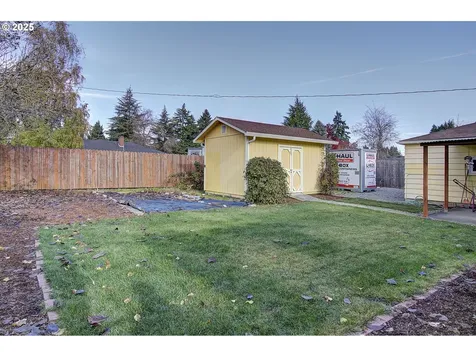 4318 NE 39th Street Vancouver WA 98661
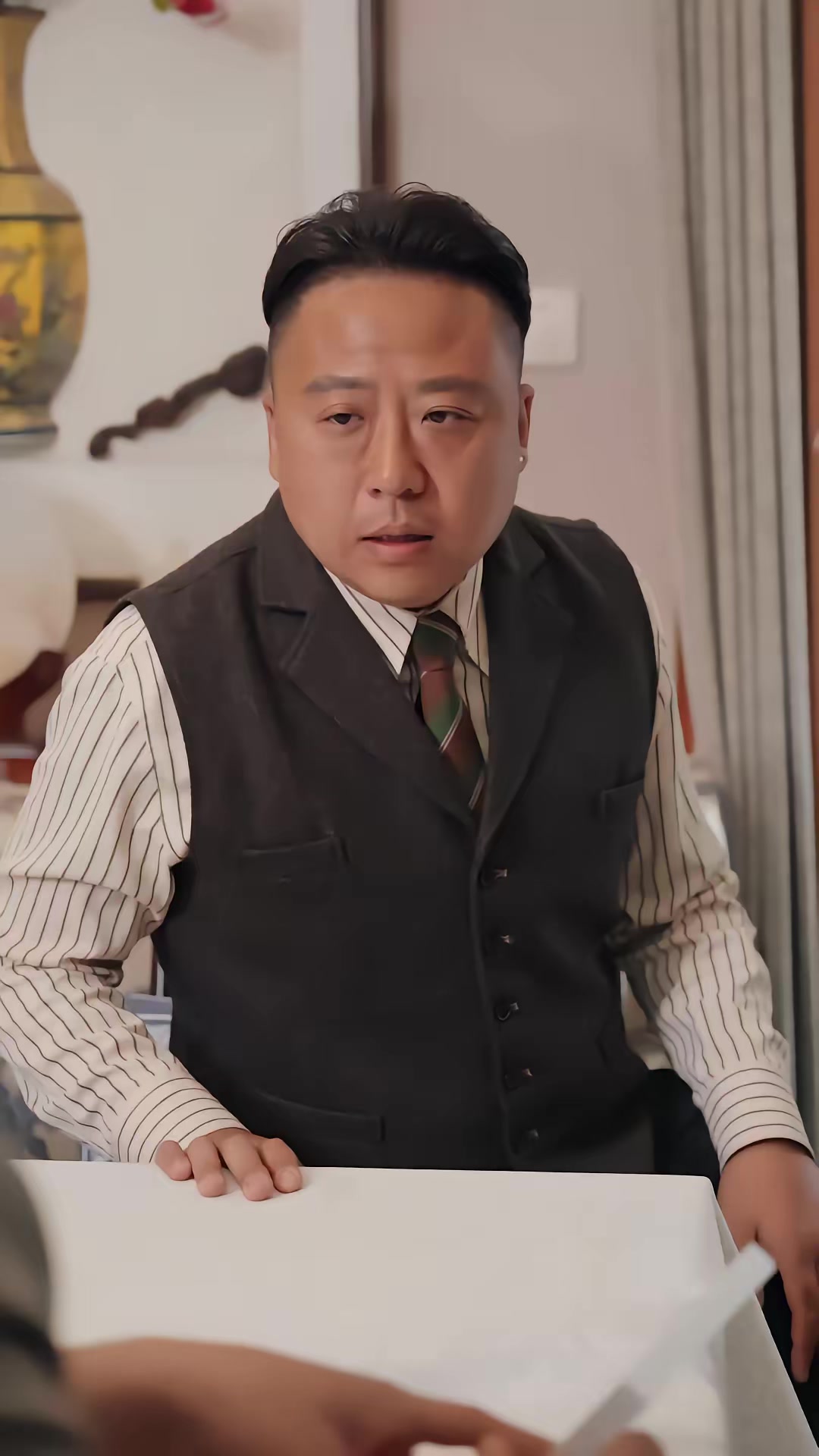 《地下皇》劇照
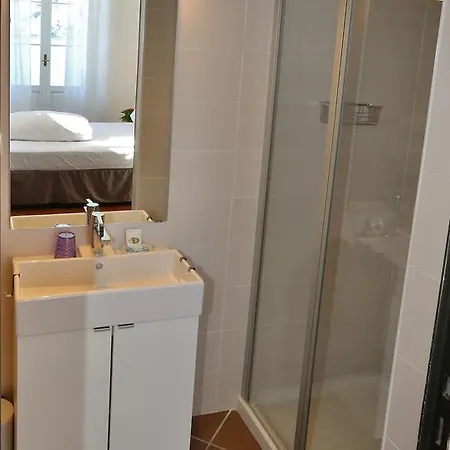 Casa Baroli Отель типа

--

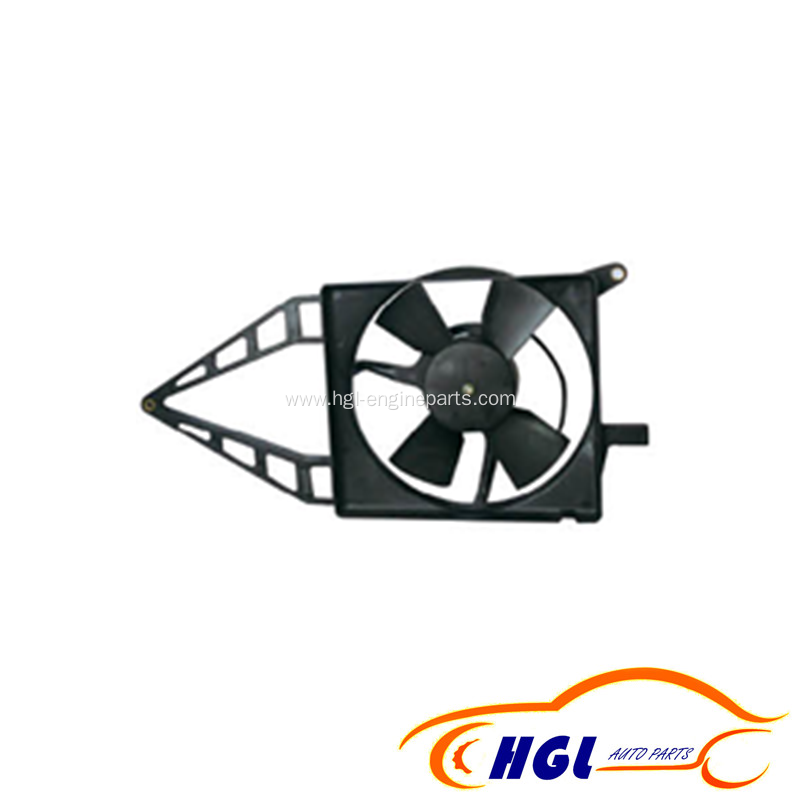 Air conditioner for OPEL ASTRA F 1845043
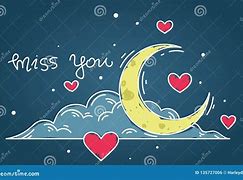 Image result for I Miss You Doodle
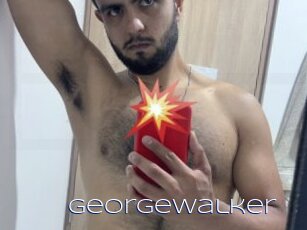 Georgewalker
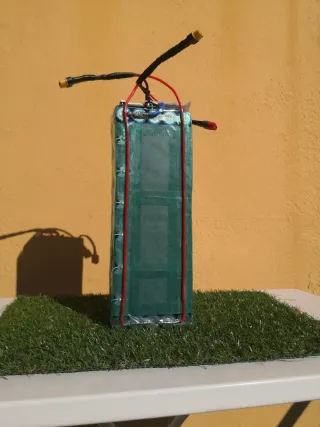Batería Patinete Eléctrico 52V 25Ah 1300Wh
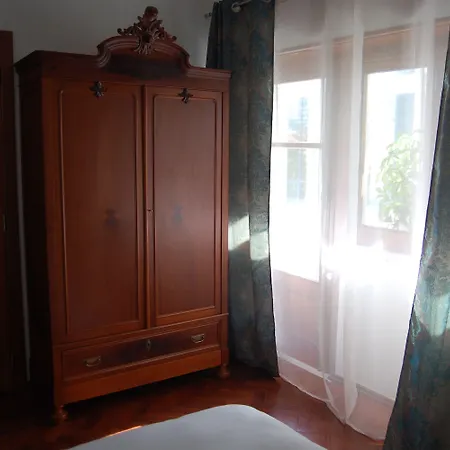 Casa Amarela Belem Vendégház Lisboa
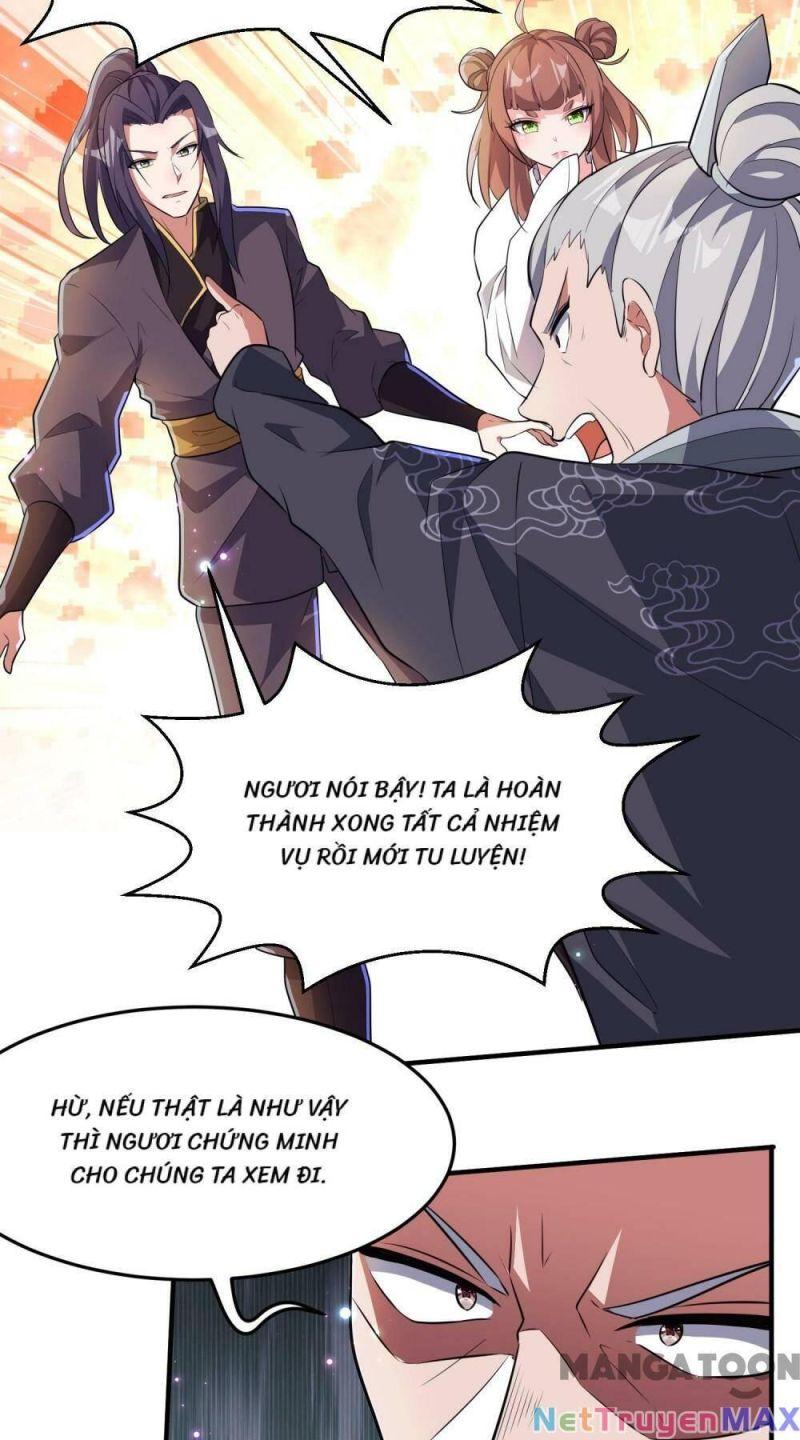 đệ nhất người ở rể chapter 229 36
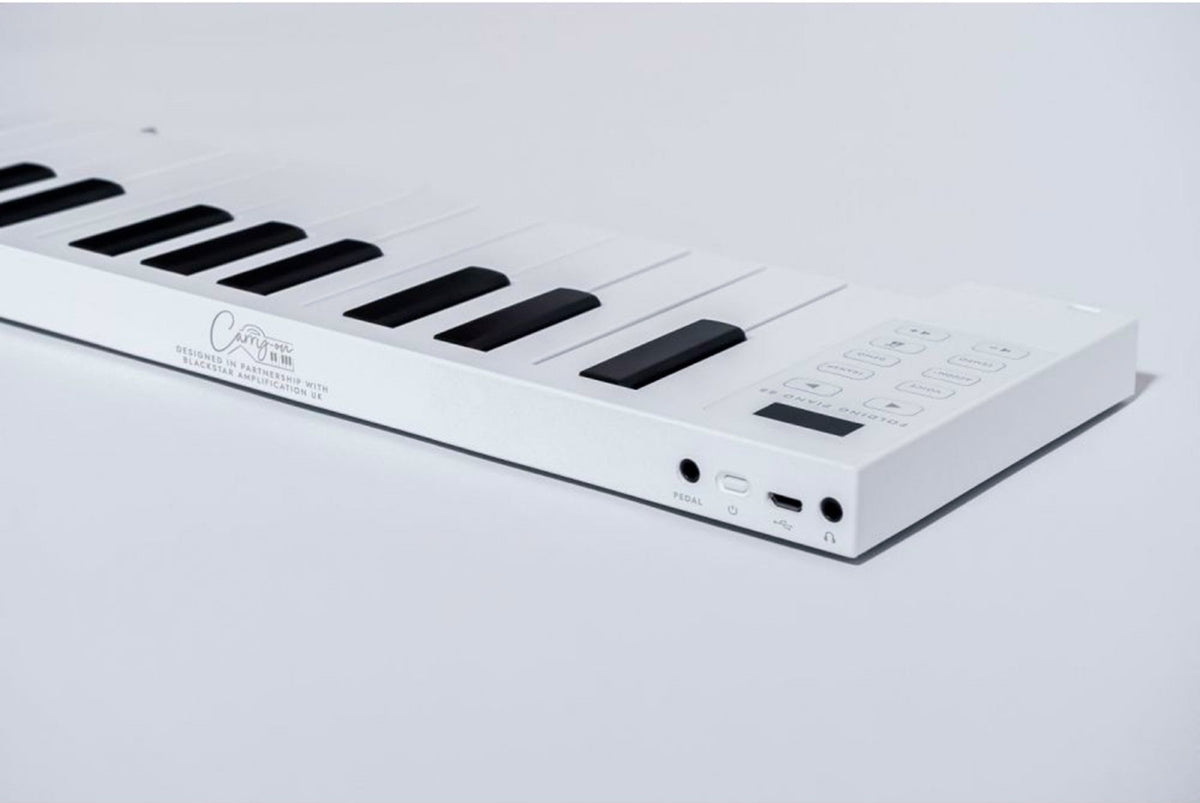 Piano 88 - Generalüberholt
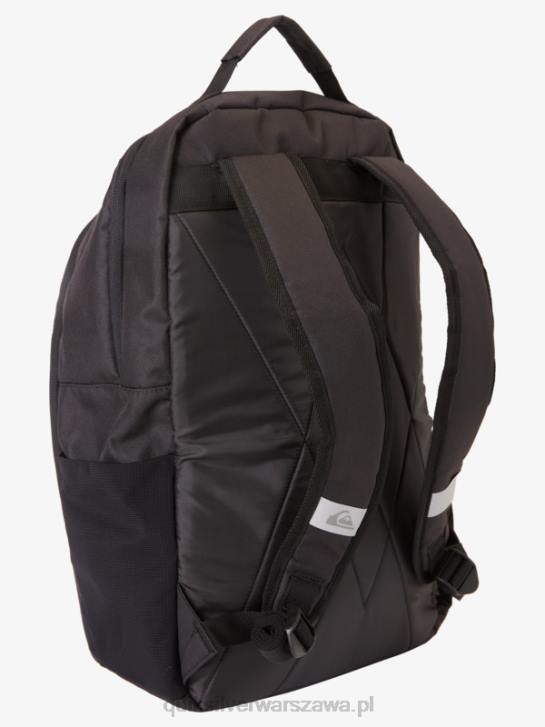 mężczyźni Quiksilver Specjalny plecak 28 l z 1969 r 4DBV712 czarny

==

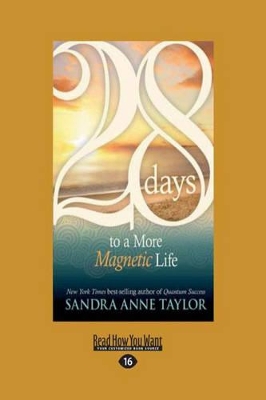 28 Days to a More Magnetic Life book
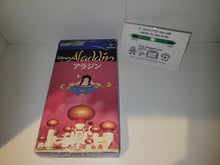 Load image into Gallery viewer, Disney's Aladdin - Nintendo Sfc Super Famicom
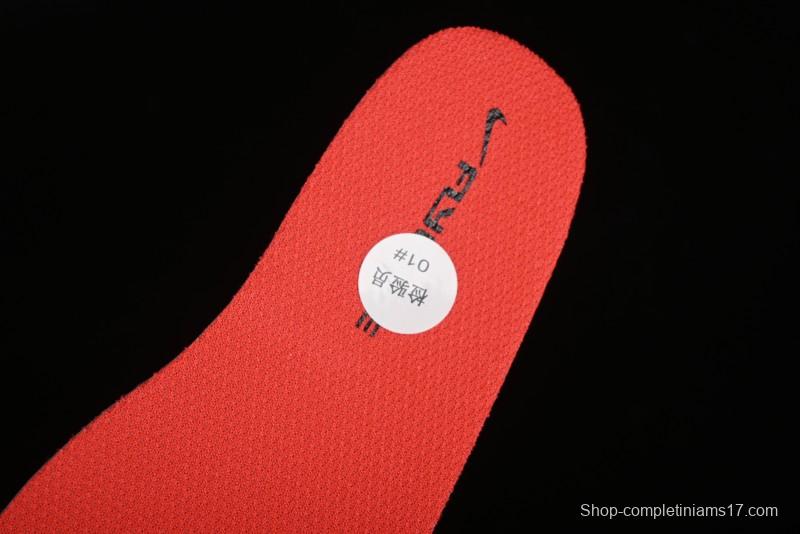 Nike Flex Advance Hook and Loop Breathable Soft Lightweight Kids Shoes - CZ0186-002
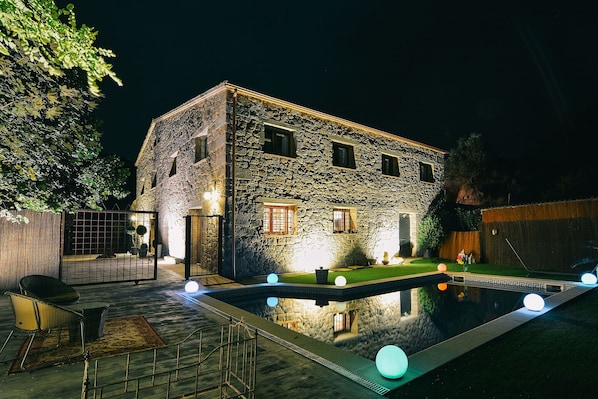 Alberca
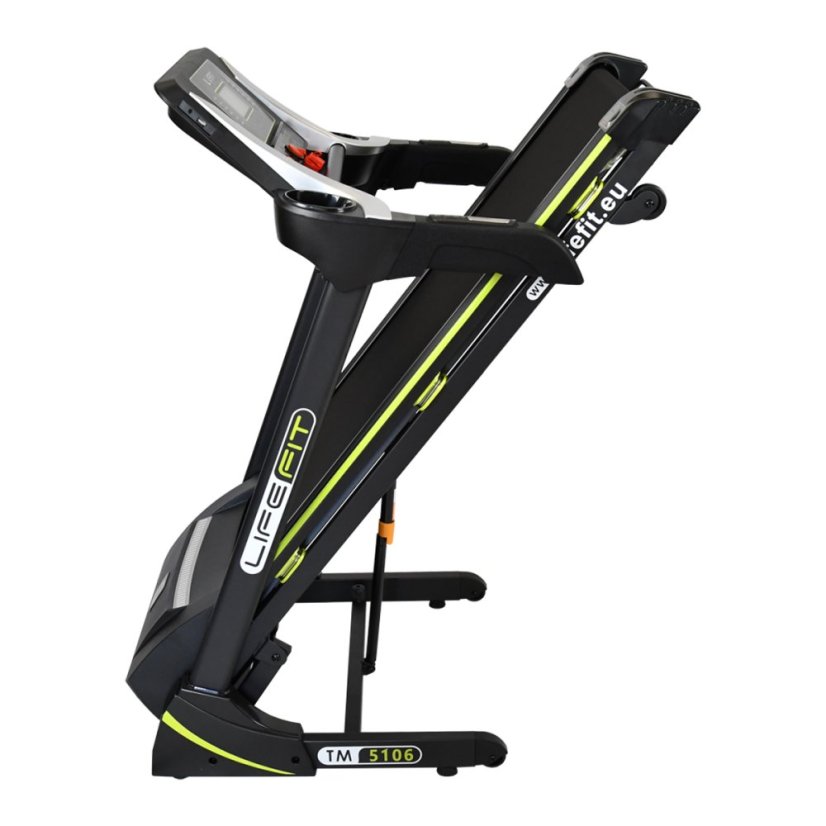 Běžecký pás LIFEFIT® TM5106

▶ **What to work on**
Copy word for word the lines above, starting at the line containing "Casa Amarela Belem Vendégház Lisboa" and ending at the line containing "mężczyźni Quiksilver Specjalny", inclusive, with no pictures.

▶ **Exercise output**
 Casa Amarela Belem Vendégház Lisboa
 đệ nhất người ở rể chapter 229 36
 Piano 88 - Generalüberholt
 mężczyźni Quiksilver Specjalny plecak 28 l z 1969 r 4DBV712 czarny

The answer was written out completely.